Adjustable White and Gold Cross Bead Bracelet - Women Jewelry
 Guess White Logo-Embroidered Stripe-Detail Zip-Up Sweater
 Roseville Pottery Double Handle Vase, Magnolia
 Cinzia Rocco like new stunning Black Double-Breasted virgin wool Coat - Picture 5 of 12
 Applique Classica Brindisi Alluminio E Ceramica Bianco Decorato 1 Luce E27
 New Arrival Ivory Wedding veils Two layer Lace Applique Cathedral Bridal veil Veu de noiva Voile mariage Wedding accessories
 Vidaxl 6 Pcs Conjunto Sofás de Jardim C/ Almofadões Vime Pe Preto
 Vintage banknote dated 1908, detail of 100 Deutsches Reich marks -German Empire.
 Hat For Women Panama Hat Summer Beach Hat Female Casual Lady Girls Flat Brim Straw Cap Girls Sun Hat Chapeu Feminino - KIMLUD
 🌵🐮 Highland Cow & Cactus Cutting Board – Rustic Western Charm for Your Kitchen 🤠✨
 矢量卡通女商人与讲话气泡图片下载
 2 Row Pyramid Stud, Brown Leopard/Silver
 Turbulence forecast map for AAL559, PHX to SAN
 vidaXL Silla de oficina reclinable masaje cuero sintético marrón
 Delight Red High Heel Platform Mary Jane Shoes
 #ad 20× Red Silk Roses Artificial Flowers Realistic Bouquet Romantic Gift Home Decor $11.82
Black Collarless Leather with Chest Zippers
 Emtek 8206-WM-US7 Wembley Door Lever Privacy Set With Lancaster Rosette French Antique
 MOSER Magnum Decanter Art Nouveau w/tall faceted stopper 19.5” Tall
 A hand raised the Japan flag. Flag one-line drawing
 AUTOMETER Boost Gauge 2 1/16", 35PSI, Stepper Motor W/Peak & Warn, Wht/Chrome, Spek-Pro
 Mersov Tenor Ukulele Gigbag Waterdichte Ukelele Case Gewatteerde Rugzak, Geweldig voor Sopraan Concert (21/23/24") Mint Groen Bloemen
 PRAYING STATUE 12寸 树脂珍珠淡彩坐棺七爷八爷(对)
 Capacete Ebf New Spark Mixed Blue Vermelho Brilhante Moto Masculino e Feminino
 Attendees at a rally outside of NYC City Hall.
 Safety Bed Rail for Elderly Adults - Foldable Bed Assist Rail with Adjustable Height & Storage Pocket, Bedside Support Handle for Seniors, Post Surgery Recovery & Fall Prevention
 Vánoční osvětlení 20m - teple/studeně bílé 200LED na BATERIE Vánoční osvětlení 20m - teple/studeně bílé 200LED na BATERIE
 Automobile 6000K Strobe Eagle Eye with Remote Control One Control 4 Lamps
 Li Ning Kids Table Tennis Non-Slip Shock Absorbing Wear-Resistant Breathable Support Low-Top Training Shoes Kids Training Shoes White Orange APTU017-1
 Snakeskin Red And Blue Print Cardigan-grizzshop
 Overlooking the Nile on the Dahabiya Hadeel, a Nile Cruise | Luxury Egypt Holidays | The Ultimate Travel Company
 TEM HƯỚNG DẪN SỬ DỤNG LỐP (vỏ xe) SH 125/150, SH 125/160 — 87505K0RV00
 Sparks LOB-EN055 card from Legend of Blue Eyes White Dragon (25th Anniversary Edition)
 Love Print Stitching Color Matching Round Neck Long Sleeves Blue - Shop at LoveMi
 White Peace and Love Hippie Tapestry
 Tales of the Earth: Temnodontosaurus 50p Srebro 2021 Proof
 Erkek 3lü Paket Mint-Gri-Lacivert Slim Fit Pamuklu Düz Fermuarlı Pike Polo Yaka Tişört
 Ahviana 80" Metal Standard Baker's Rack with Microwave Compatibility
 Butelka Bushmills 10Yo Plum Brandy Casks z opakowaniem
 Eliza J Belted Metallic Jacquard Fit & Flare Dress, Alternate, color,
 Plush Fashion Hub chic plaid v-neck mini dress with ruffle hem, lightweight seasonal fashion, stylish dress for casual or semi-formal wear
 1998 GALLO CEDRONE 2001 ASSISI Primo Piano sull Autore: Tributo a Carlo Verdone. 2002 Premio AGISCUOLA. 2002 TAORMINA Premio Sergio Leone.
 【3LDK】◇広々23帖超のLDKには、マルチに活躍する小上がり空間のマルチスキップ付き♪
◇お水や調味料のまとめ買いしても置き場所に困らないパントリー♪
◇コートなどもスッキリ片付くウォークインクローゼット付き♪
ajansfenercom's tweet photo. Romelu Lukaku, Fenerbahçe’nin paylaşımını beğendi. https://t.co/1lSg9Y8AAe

• • • • •

• Exercise brief
Will you return exactly the lines above from the one with "Eliza J Belted" down to the one with "Plush Fashion Hub", counting both as part of the range?

• Exercise output
 Eliza J Belted Metallic Jacquard Fit & Flare Dress, Alternate, color,
 Plush Fashion Hub chic plaid v-neck mini dress with ruffle hem, lightweight seasonal fashion, stylish dress for casual or semi-formal wear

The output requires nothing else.